## Task
Under this line are the records; repeat exactly the lines starting at the one containing "8612_i5LZj54g7E_86126925d94ad7f11.jpg · Imoveis" and ending at the one containing "655774397 1403634725142247 1230321479961939043", omitting pictures.

## Exercise materials
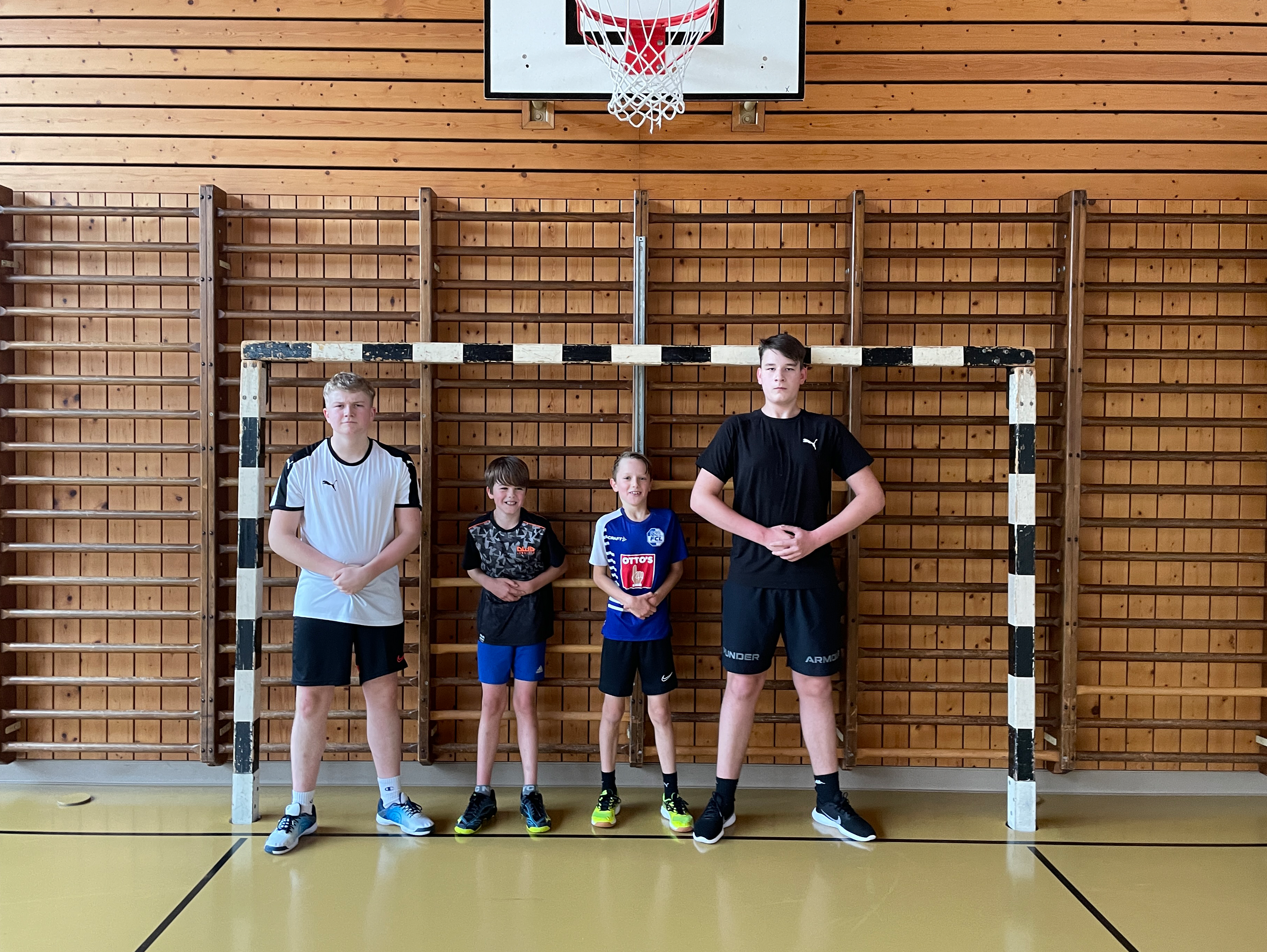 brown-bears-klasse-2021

---

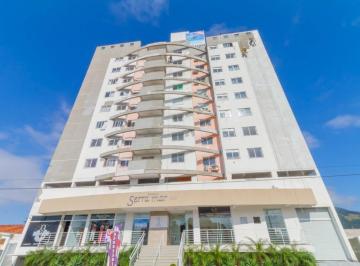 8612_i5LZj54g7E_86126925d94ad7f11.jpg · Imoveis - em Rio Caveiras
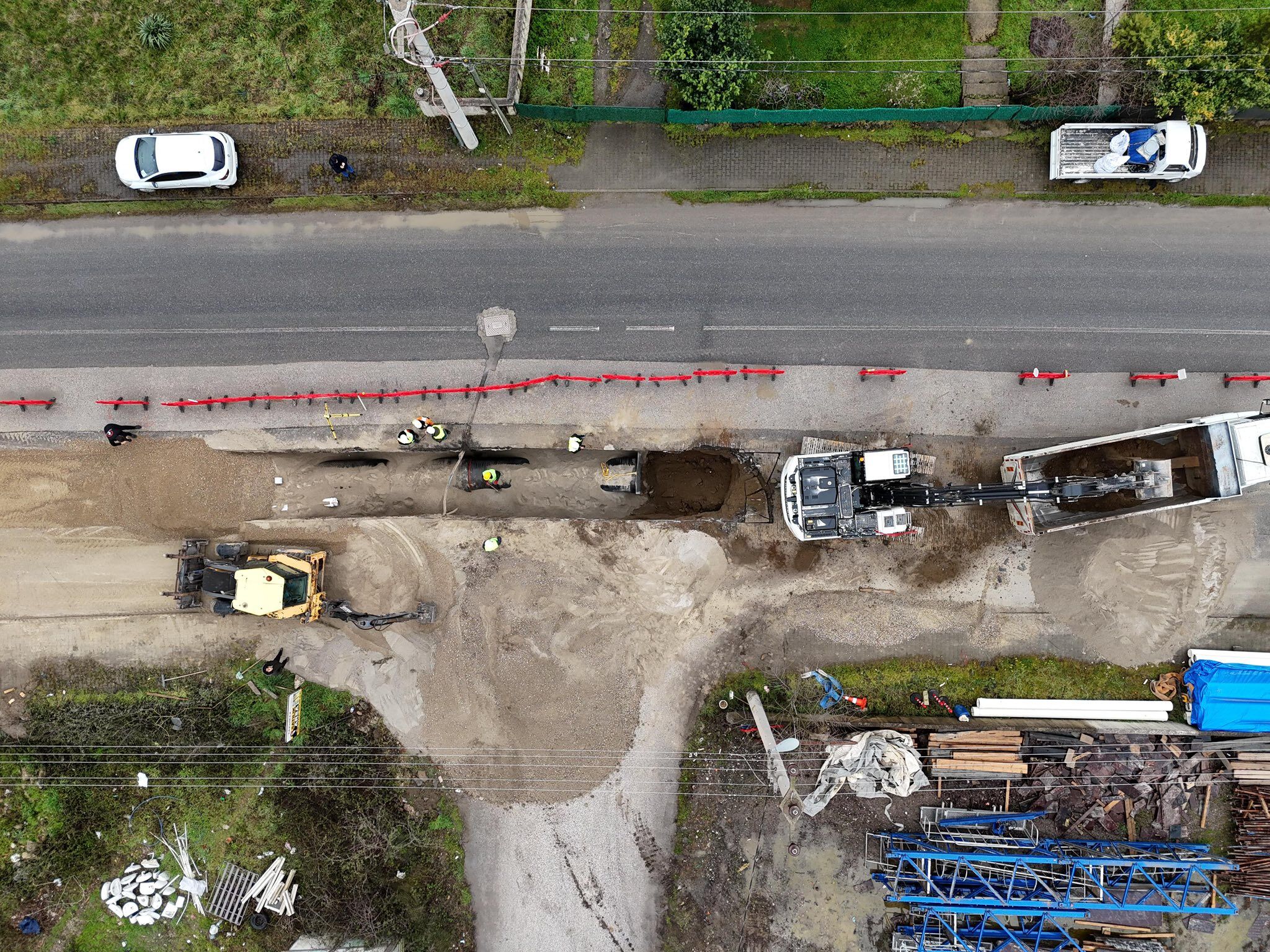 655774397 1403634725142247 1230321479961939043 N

---

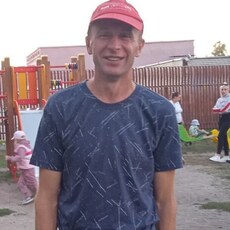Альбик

## Task answer
 8612_i5LZj54g7E_86126925d94ad7f11.jpg · Imoveis - em Rio Caveiras
 655774397 1403634725142247 1230321479961939043 N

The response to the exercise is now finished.